Interview with Prof. Nabil Baydoun, Chair of the Islamic Banking and Finance track
What do you see as the benefits of an Islamic system of finance?
Given the recent financial crisis, Islamic banking has been proposed as a serious alternative to the “conventional” banking approach. A great deal of the considerable sum of money available in the Gulf area is looking for an Islamic approach to financial transactions, and Islamic banking has been proposed as a way to attract these funds.
There are 360 Islamic banks around the world, some of which are supported by various governments. With Dubai being put forward as the capital of Islamic economy and where so many initiatives have taken place, HBMSU in partnership with the Dubai the Capital of the Islamic Economy have established the Dubai Center for Islamic Banking and Finance, and initiated a track in Islamic Banking and finance within Innovation Arabia 8 to mobilize quality policy oriented and basic research in the field of Islamic Banking and Finance and related areas, with a focus on issues related to growth, equity, and stability, creating competitive edge, and lessons to be learned from the current financial crisis.The Conference was established to align the research and educational components with His Highness’ initiative.
What do you think will be particularly discussed at the Conference in regard to Islamic banking?
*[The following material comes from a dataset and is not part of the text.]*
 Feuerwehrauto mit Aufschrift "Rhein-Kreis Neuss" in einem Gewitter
The Conference addresses several important issues within Islamic banking and finance. Contributions come from both academic and applied research. Academics, researchers, and specialists from around the world are invited to submit papers in the following areas: Islamic financial instruments, Islamic banking practices, Islamic contracts, Islamic insurance, risk management, governance as well as Sharia issues and challenges facing Islamic banking and finance.
Why is the Conference relevant to a global audience?
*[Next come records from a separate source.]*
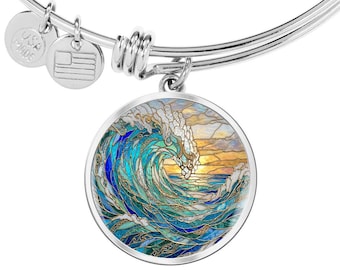 May include: A silver-tone expandable bangle bracelet featuring a round pendant with a stained glass style ocean wave design. The artwork displays swirling blue and teal water with white foam against a golden sunset sky. Two small metal charms are attached.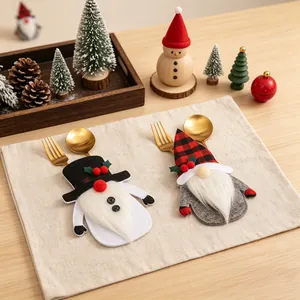 Zwei festliche Weihnachts-Gnom-Besteckhalter auf einem Tischset aus Leinenstoff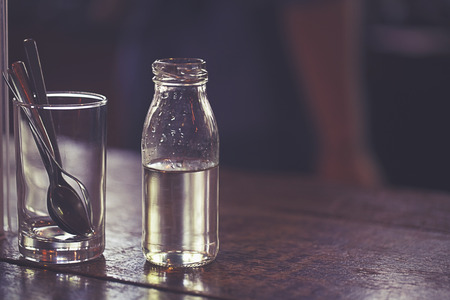 syrup in glass bottle on wooden tableの写真素材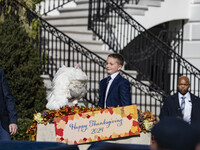 On November 25, 2024, in Washington, D.C., President Joe Biden pardons Peach and Blossom, two Minnesota turkeys, at an event on the South La...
The interest in Islamic finance not only comes from Muslims or from this part of the world; it also comes from the west and Muslims living in the west. They view Islamic finance as a profitable investment. Recent initiatives in places like London, Hong Kong are indicative of this.
What are some of the challenges facing Islamic finance?
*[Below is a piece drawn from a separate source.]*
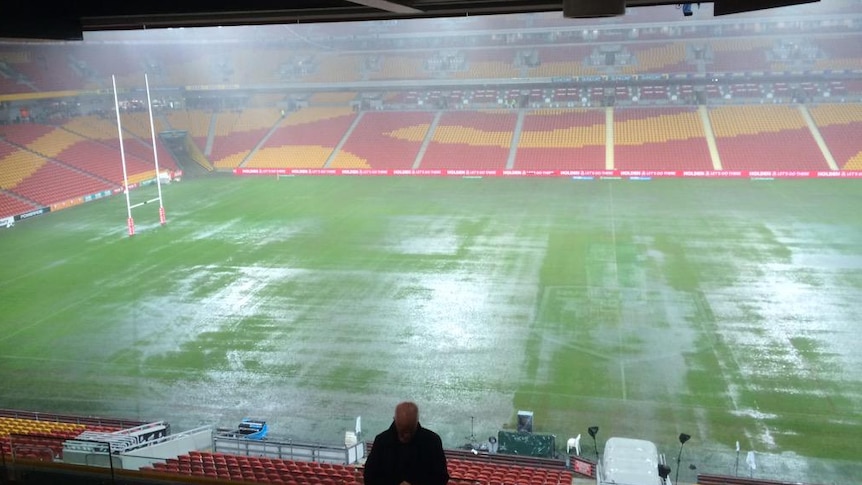 Heavy rain falls pooling at Lang Park ahead of the Australia v New Zealand rugby league Test match.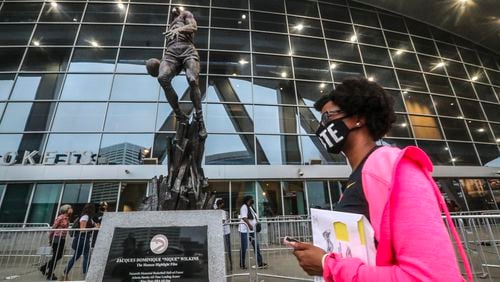 Ashley Nealy makes her way past the statue of Dominique Wilkins as she waited to vote on Monday, Oct. 12, 2020 at State Farm Arena in downtown Atlanta. Eager Georgia voters swarmed to polling places Monday morning, waiting in lines created by high turnout and technical problems at the start of three weeks of early voting before Election Day. (John Spink / John.Spink@ajc.com)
Islamic banking, in the commercial sense, is a relatively young industry compared to “Western” or “conventional” banking. The Dubai Islamic bank was the first commercial Islamic bank, and it was founded in 1975. A young industry will obviously face challenges. The most significant of being that you have an industry that is religiously based and was established to facilitate Islamic financial instruments, and yet is bound by Western regulations. This needs to be addressed, as Islamic finance was established for a completely different purpose. The social value added to the community is a very important aspect generally not seen by Western observers.
Do you believe there should be an Islamic Central Bank to regulate Islamic finance?
There should be an organisation that takes religious and cultural specifics into account and looks at the banks as institutions that reflect the national and local characters of locations where they are situated. That is, banking regulations should embody some aspects of the characteristics of the banks’ locale.
What are you most excited to learn about at Innovation Arabia 8?
The Conference is one of the few scientific conferences taking place in Dubai, it will provide an opportunity for people to exchange ideas and reflect on the on His Highness’ initiative as it relates to Islamic Banking and Finance. We believe that a platform for scientific research which facilitates the initiation and publication of research from Dubai will be an important contributor to the overall success to the “Dubai the Capital of Islamic Economy” initiative.